In his QC, Clive Nichols, the 83-year-old former dictator has one of Britain's leading extradition experts, said by other lawyers to be "highly inventive". Both he and the junior QC, Clare Montgomery, come from top extradition chambers and are seen as "very hard-nosed and effective."
His solicitors, Kingsley Napley, are among a handful of firms specialising in the most difficult criminal cases, particularly fraud, which often involve extradition.
It seems likely that the general is in for a long stay in Britain. Legal experts yesterday reckoned the magistrates' court extradition proceedings and any High Court hearings could take up to two years.
He will have to adhere to any bail conditions set by the magistrate, although these may be varied. At present he must reside at a location approved by the police, and he may not leave the UK.
Pinochet's lawyers may first try to challenge the Home Secretary's authority to proceed by seeking judicial review in the High Court. This could get to court fairly quickly, though the need for his lawyers to study Mr Jack Straw's reasoning and devise ways of attacking it would probably postpone a full hearing until after the New Year.

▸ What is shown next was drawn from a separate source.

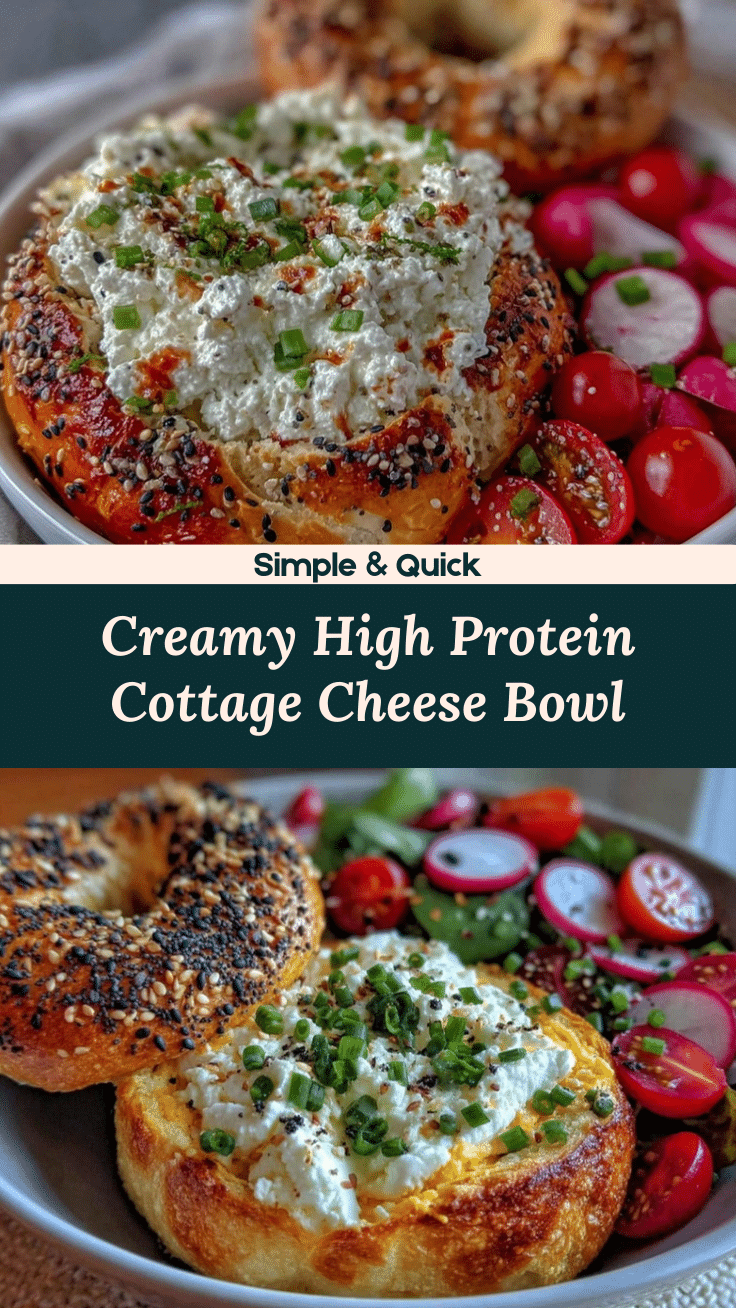 healthy cottage cheese breakfast bowl recipe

The lawyers would have to persuade the court that they had an arguable case to get leave to bring a judicial review application. An application for leave could be heard quickly, possibly even today, and the court might "stay" the extradition proceedings so that the general would not have to appear at Belmarsh Magistrates' Court, south London, tomorrow.
Kingsley Napley would not be drawn on their plans last night. To challenge Mr Straw's decision they would have to show that he acted unreasonably or outside his powers, for example by giving undue weight to some factors or excluding others.

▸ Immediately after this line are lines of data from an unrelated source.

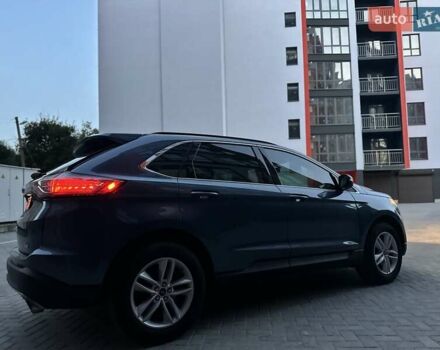 Синій Форд Едж, об'ємом двигуна 2 л та пробігом 95 тис. км за 15999 $, фото 18 на Automoto.ua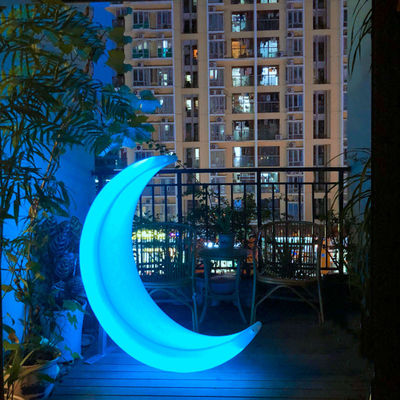 Glow Led Moon Chair met oplaadbare lithiumbatterie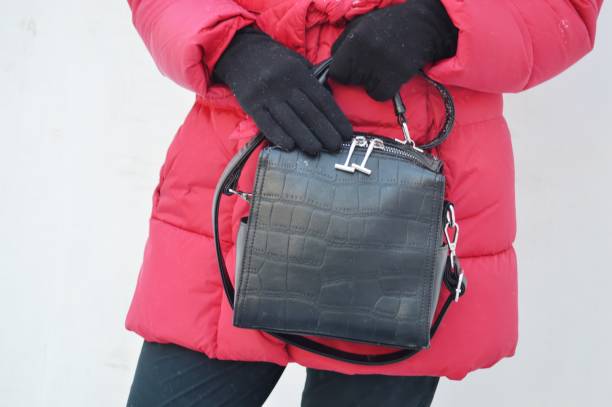 istock girl with handbag 1445706893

Paradoxically, although Amnesty International failed yesterday to obtain an injunction stopping the general leaving the country in the event that Mr Straw had decided in his favour, the result points to a likely failure for the general in his judicial review application.

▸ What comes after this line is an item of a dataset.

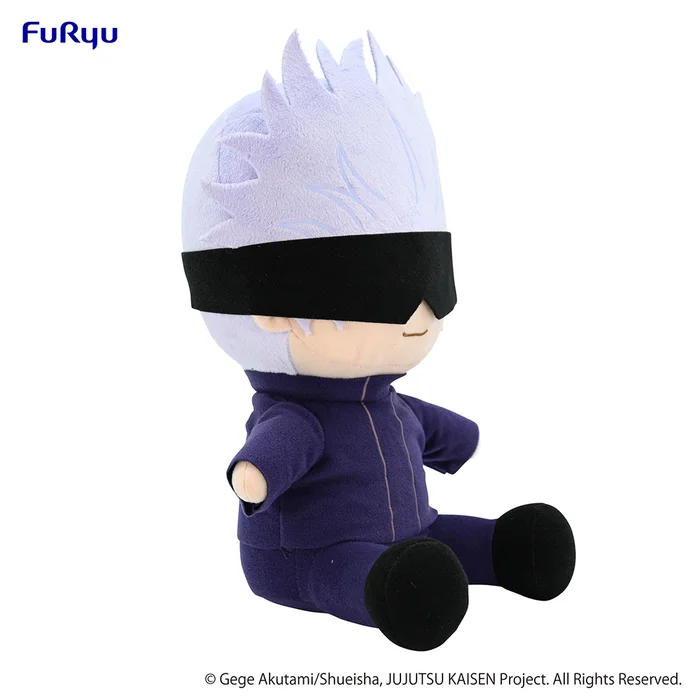 Jujutsu Kaisen Kyurumaru Big Plush Toy Satoru Gojo (Re-run) 10 Jujutsu Kaisen Kyurumaru Big Plush Toy Satoru Gojo (Re-run) - Image 8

Lord Justice Simon Brown, one of the most expert public law judges, held that the Home Secretary had a very wide discretion in deciding whether or not to give the go-ahead for extradition proceedings. This means that the scope for attacking his decision is correspondingly small.
An extradition expert said the High Court would also be likely to take the view that any arguments should be made to the magistrates in the course of the extradition proceedings, rather than to High Court judges.
The Privy Council has stated in a case involving the Bahamas that all the evidence should be presented to the magistrate before either side applies for judicial review. Only in the clearest cases will the courts vary this rule.
The lawyer thought the general's lawyers might decide not to challenge the authority to proceed in view of the slight chance of success.
They may still be exploring the possibility of attacking the Law lords' ruling that Pinochet has no immunity from prosecution, on the grounds that Lord Hoffmann, one of the majority of three who ruled against the general, is an unpaid director of Amnesty International Charity Ltd.
But there is no precedent for getting a House of Lords judgment set aside, and no higher court to which an appeal could be made.
The lawyers are likely to concentrate on making the general's case in the extradition proceedings before the chief metropolitan stipendiary magistrate, Mr Graham Parkinson, at Belmarsh. These could take up to six months.
The issues will be whether the crimes are extradition crimes, whether the papers from Spain are in order, and whether the alleged offences are political crimes. Lawyers said the case raised complicated questions about retrospectivity - whether the crimes charged were crimes at the time they were allegedly committed - and whether Spain has jurisdiction to try crimes committed outside its territory.
Political crimes have been defined by the House of Lords as "confined to the object of overthrowing or changing the government of a state or inducing it to change its policy or escaping from its territory the better to do so." It also connotes opposition to the state requesting extradition, so will not be a useful line of argument for Gen Pinochet.
The magistrate has no power to refuse to send him to Spain on the grounds of abuse of process, unfairness, oppression or breach of natural justice.
If the magistrate decides he should be sent to Spain to stand trial, he can challenge that decision in the High Court by judicial review or habeas corpus, an application for the release of a person from unlawful detention.
Lawyers believe it is at this stage that the general would have his best chance of success, because the argument would then shift to whether it was unjust or oppressive to surrender him to Spain.
"He would have a very strong argument for saying it would be unjust or oppressive by reason of passage of time," said one lawyer. "He can say, `I've been in and out of the country several times and nothing was done, witnesses are dying, their memories failing, I've been lulled into a false sense of security.'
"He never hid his identity when sitting in the River Cafe, and Spain could have made requests for his extradition at any time."